A ghost wife, a stolen child, wandering eyes, hidden ledgers—and more—bind the 19th-century Jewish community on a paradisiacal island in the West Indies.
To this marvelous mise-en-scène, Hoffman (The Museum of Extraordinary Things, 2014, etc.) adds a historical character: Rachel Manzana Pomié, the Creole mother of impressionist painter Jacob Abraham Camille Pissarro. Descended from Spanish and Portuguese Jews who “knew when to depart even when it meant leaving worldly goods behind,” Hoffman’s Rachel nurses a grudge as bitter as the fruit of the apple tree her grandparents toted to the Antilles when they fled France: that her mother, Mme.

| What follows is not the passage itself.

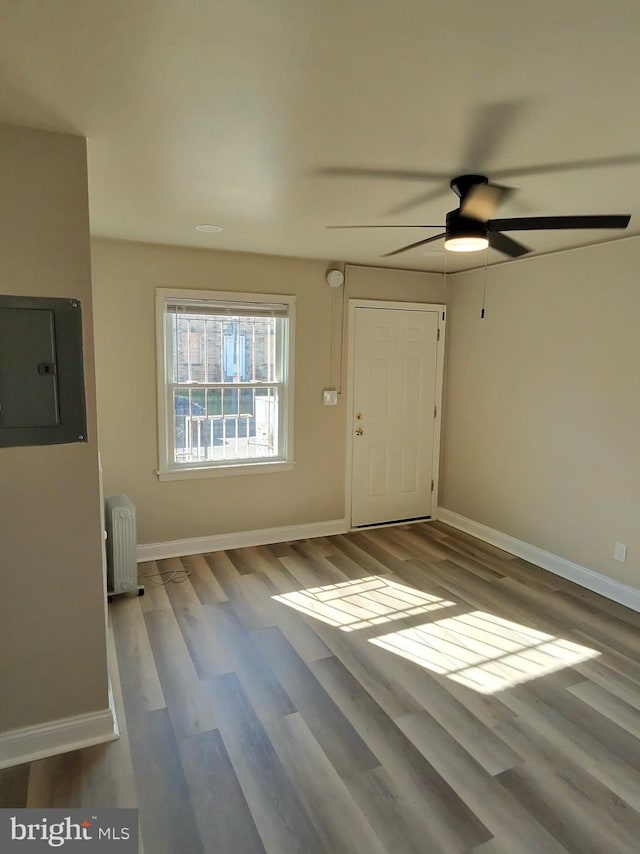 interior space featuring ceiling fan, radiator heating unit, electric panel, and hardwood / wood-style floors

Pomié, favors the nephew she adopted as a baby over her own child. “Girls were not worth very much in her eyes, especially a disobedient girl.” With her friend Jestine—the mixed-blood child of the family cook—Rachel keeps a lookout for turtle girls (mermaids with shells) and, aping the French fabulist Charles Perrault, chats up the market women for “small miracles common only in our country” to tell when she finally gets to Paris. “My mother didn’t like this sort of talk; people of our faith didn’t believe in past lives or spirits.” Faith leaves Rachel as well when her father arranges a match to a business associate twice her age, who dies, trapping her on the island with seven children; she’s shunned by her synagogue when she falls into bed with a young relative of her late husband who arrives from Paris to settle the books: “The good man and the enchantress. Some people said I was made of molasses; one bite and you couldn’t get enough.” Wearing “haint blue” to chase ghosts won’t bring back the luck she gave away to her old friend Jestine when she needed it. But her youngest, Jacobo, whose sketches and open manner charm even tight-lipped members of the synagogue’s sisterhood, just might.
Lilting prose, beautifully meted out folklore and historical references, and Hoffman’s deep conviction in her characters (especially those “willing to do anything for love”) make reading this “contes du temps passé” a total pleasure.